Technology companies are becoming the blue chips of the 21st century. That being said, not all tech is created equal. There's consumer versus enterprise tech, software versus hardware, and a variety of different hardware technologies.
What Intel and Seagate do
Intel is the undisputed leader in central processing units (CPUs), which are the core processors of both personal computers and data centers. However, in recent years, Intel has diversified its business, buying up field programmable gate array chip maker Altera in 2015 and self-driving car software maker Mobileye in 2017. Intel also has a smaller segment dedicated to storage memory, including NAND flash and a new type of memory called 3D XPoint.
Seagate, on the other hand, is mostly in the business of hard disk drives (HDDs), where it had the largest market share last year, at 40%. HDDs are the cheapest form of storage technology today, but HDDs are also being replaced in many applications by NAND flash. Still, the HDD business should be around for some time to come. With only three main players -- Seagate, Western Digital, and Toshiba -- Seagate should be able to milk profits from HDDs even as the business slowly declines over time.
Seagate has also made investments in an attempt to future-proof itself. It invested $1.3 billion in Toshiba Memory Company (TMC), which was taken private by a Bain Capital-led consortium in early 2018. TMC makes NAND flash, so Seagate does have some exposure to the NAND market. Seagate also has a small investment in Ripple, which created the Ripple cryptocurrency (XRP) and distributed blockchain ledger.

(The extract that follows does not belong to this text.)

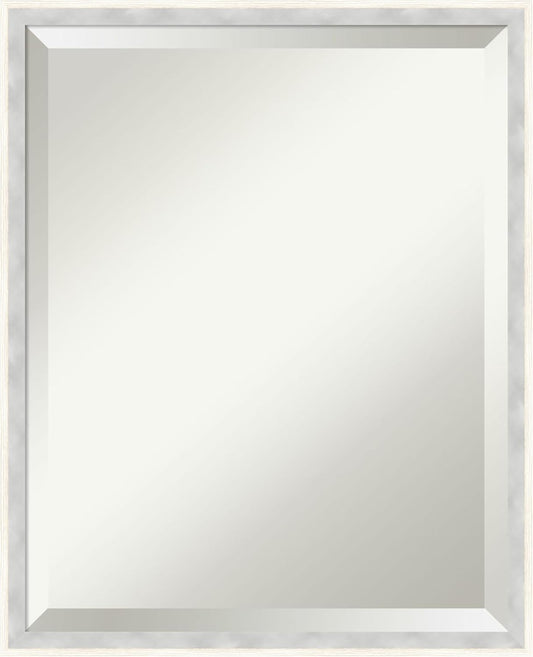 Amanti Art White Bathroom Mirror for Over Sink, 21x17 Paige White Silver Rectangle Vanity Mirror, Small Modern Contemporary Wood Frame, Hangs Horizonally and Vertically, Bathroom Wall Decor, Beveled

Both Intel and Seagate are affected by global technology demand, which is currently going through a soft patch. Yet looking over the past couple years, Intel's growth has clearly been superior, and its dominant 80% processor market share has afforded it higher margins as well.
Thus, it appears Intel is the superior-quality company.
Of course, it's not just the quality of the company but also the price you pay as an investor. Turning to the forward PE and enterprise value-to-EBITDA multiples, Seagate appears the cheaper of the two, though just barely.
Both companies' valuation metrics are fairly low, meaning the market is predicting little to no growth for both in 2019. While the slight edge would go to Seagate, these valuations are so close that I'm going to call this category a tie.
Both companies are also large, mature cash cows, meaning that while you may not see much in the way of eye-popping revenue growth, each company does return lots of cash to shareholders via dividends and share repurchases.
Seagate has a much larger dividend yield at 5.18%, while Intel's dividend is less than half that at 2.28%. However, dividends aren't the whole story; Intel returns a greater portion of its cash flow to shareholders in the form of share repurchases. That's why its shareholder yield -- which counts dividends and repurchases combined -- is much closer to Seagate's. That should allow Intel to grow its share price and the dividend faster than Seagate over time. Still, Seagate does maintain a slight edge here.
Threats and risks
Both companies also have risks to watch out for. Intel recently hit a snag by falling behind competitors in the race to manufacture 10nm chips. Competitor Advanced Micro Devices already has 7nm chips (equivalent to Intel's 10nm) out to market and looks poised to take some market share. Meanwhile, Intel says its 10nm chips will finally be ready by the holiday season of 2019.
At the same time, Seagate is battling a slow decline in its main HDD business. Nevertheless, in today's data-centric economy, demand for cheap storage should last for a while. Over the long term, however, Seagate will likely need to adapt with new products and/or services.
Since Intel's risk is more of a near-term hiccup and Seagate's seems like a larger long-term problem, Intel seems the safer of the two over the long haul.
Intel for safety
With two wins to one, Intel comes out the victor here, as it appears to be the safer pick. However, for those seeking a bit more yield and upside, but with a bit more risk, Seagate could be interesting. Its dividend is high, expectations are low, and it does have the Ripple investment. Still, most investors should probably stick with the stability and diversity of Intel.